O sr. Santos é um ouvinte assíduo do programa de rádio que costumo ajudar a fazer, às sextas de manhã, emitido na região do Grande Porto. Não conhecemos do sr. Santos mais do que a voz, a condição de reformado de uma actividade relacionada com as Finanças e o que as opiniões que partilha nas emissões em directo nos consentem intuir.
Num dos últimos programas o tema principal era a crise financeira mundial, mas o sr. Santos fez um desvio para abordar a temática que a actualidade tinha trazido à tona: o casamento entre homossexuais. Já nos habituámos ao pensamento conservador, sustentado na corda bamba de valores que vão da direita à esquerda com a mesma facilidade que a marcha militar. Já lhe perdoamos a atitude assertiva que as ondas hertzianas convertem em intervenções críticas e provocatórias. Mesmo assim, não raras vezes, deixa-nos embasbacados com a graça cáustica com que embrulha os comentários:
- Eu, os homossexuais compreendo e aceito. Andei na tropa em África e por lá apareciam alguns rapazes que nos contavam que em crianças tinham sido abusados sexualmente. Esses eu entendo. O que não consigo compreender são os paneleiros...
Depois desta pérola de sabedoria o sr. Santos voltou ao rego. E sobre a crise recorreu a uma máxima que serviu de rodapé para mais uma condenação severa dos devaneios liberais que estão nos alicerces da derrocada do sistema financeiro:
- Meus amigos, só vos digo uma coisa... Quem rouba um tostão é ladrão; quem rouba um milhão é barão; quem não rouba nada é morcão!

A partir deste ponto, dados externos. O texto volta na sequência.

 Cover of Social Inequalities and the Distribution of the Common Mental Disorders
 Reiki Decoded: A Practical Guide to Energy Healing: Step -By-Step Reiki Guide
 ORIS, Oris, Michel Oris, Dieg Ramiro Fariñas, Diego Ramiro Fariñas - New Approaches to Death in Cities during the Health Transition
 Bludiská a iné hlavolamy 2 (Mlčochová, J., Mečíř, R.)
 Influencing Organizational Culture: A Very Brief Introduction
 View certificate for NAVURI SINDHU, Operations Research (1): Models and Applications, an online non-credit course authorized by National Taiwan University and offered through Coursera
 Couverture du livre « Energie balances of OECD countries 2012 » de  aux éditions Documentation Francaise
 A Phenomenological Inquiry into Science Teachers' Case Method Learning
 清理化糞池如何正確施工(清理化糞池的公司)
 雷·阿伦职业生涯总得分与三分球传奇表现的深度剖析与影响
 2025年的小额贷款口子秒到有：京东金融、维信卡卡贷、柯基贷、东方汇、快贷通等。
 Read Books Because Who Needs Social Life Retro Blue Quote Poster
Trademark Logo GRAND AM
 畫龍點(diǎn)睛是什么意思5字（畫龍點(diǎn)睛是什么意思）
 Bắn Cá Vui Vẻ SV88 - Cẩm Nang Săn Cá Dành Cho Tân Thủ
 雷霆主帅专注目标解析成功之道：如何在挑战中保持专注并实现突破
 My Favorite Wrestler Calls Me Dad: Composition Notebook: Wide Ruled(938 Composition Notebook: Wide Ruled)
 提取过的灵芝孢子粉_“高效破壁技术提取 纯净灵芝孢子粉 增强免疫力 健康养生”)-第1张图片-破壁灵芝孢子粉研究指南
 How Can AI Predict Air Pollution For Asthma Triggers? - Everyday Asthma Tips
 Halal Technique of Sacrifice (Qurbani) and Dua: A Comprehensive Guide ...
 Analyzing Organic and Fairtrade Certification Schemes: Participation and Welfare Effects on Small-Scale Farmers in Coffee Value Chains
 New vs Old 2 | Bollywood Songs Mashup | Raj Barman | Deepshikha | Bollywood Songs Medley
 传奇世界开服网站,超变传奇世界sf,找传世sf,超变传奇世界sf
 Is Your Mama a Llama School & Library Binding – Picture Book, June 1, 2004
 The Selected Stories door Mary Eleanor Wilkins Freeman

Acrescentem vocês a pronúncia típica do Porto à voz grave e forte do sr. Santos, ao telefone, e terão um dos momentos mais hilariantes de um programa de rádio.
O ouvinte tem uma memória e uma experiência de vida que fazem lembrar aqueles baús à guarda de velhos sótãos. Ambas resistentes, fascinantes, sedutoras e recheadas de histórias que serve com deleite extasiado e irónico. Falava-se de Educação no país, mas o sr. Santos encontra sempre espaço para dar a volta à marcha da conversa. Logo na primeira curva da sua intervenção telefónica falou do caso BPN. O antigo administrador do banco, Oliveira e Costa, estava nesse mesmo instante, a prestar declarações no Tribunal de Instrução Criminal de Lisboa sobre as alegadas burlas, fraudes e branqueamentos de capital, que terá dado origem à derrocada da instituição bancária, quando o sr. Santos resolveu oferecer ao auditório mais um achado do tal baú.
- Conheci esse senhor ( José Oliveira e Costa) em tempos numa assembleia-geral. Nessa ocasião, para tentar sensibilizar a plateia, o homem utilizou a seguinte expressão: “Eu não me envergonho de dizer que cheguei a andar descalço.” De pronto, alguém na plateia completou em voz alta: “…na praia, sr. Doutor… Eu também não!”
O ouvinte é um falante com muita piada.